I went to bed at 3:10am, and turned off my alarm clock at 6:10am, but the next thing I knew, it was 7:10 in the morning.  I have to be more careful about falling back asleep once I wake up.  Hopefully that extra hour of sleep won't be a problem, I don't think it will.  But last night's attempt at a 9:50 nap turned into 20 minutes of just laying down.  

I usually don't drink coffee, the last time I had a cup was months ago.  This morning I had 2 cups haha, I used to drink soda very often, so I don't think the caffeine will affect my naps that much, especially because I've had a few hours for it to go through me before my attempt at another nap.

11:10 nap attempt: fail.  I didn't really expect to be able to fall asleep, maybe that was the problem.  With the extra hour of sleep in the morning, followed by the coffee, I wasn't really that tired to begin with.  Laying down for 20 minutes was relaxing though, although now I think I'm tired enough for a nap.  Oh well, 4:30 is just around the corner!

I only gave myself 20 minutes for the 4:30 nap, and again I wasn't able to fall asleep.  For the 9:50 nap, I set aside 40 minutes to give myself extra time to include the time it takes to fall asleep, but still didn't fall asleep at all.  I don't know whether this is because of the coffee, or something else.  Tomorrow I'm not going to have any caffeine, and I plan on having more success than today.  I'll definitely be more tired than I was today, which should make napping easier.

----------


## Schmaven

I woke up at 7:10 today, having over slept for an hour once again.  I felt surprisingly rested however and started my day.  Both the 11:10 and 4:30 naps resulted in no sleep at all, just laying there.  I'm thinking this is probably from my oversleeping the core sleep.

The 9:50 nap was a different story though.  Having finished some of my mom's unwanted beers and after plans to hang out with a friend fell through, I set my alarm for 10:10 and went to bed around 9:40.  The next thing I knew, it was 12:45, and I had just slept for 3 hours.  This puts a wrench in the gears.

With this, I'm skipping tonight's core sleep.  I think the 3 hour nap can substitute, and instead of core sleep from 3 - 6, I'm just going to plan on the regular pattern of naps.  If it turns out being awake from 12:45 makes me extra tired, I'll just take an extra nap.  

I plan on sticking to my schedule as much as possible, but if deviations like this continue to happen, I'll just have to continue to adjust that day's plan.
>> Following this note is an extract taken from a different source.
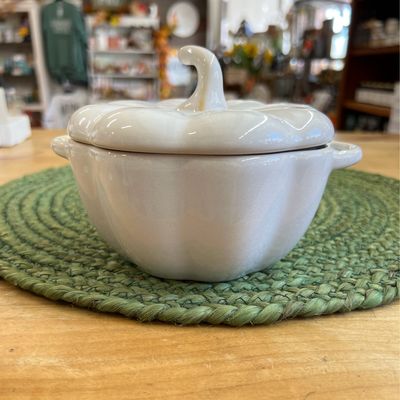 2 Cup Stoneware Pumpkin Baker w/Lid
I am definitely feeling more exhausted than on day 1.  Perhaps this means I'll start actually falling asleep during the naps.  Time will tell.

----------


## Schmaven

I'm completely exhausted now.  And yet I still can't fall asleep when I try to nap.  I lay down earlier for 40 minutes and couldn't fall asleep yet again.  I'm going to start doing some strenuous physical stuff to hopefully get myself tired enough for the naps to work.  As of now, I'm just getting the core sleep, but no naps.  My cat makes it look so easy to nap.

I'm no stranger to exhaustion, having pulled many an all-nighter, so I have every intention of trying to make this work for another week or so before going back to normal sleeping patterns.

----------


## andrewy

> I'm completely exhausted now.  And yet I still can't fall asleep when I try to nap.  I lay down earlier for 40 minutes and couldn't fall asleep yet again.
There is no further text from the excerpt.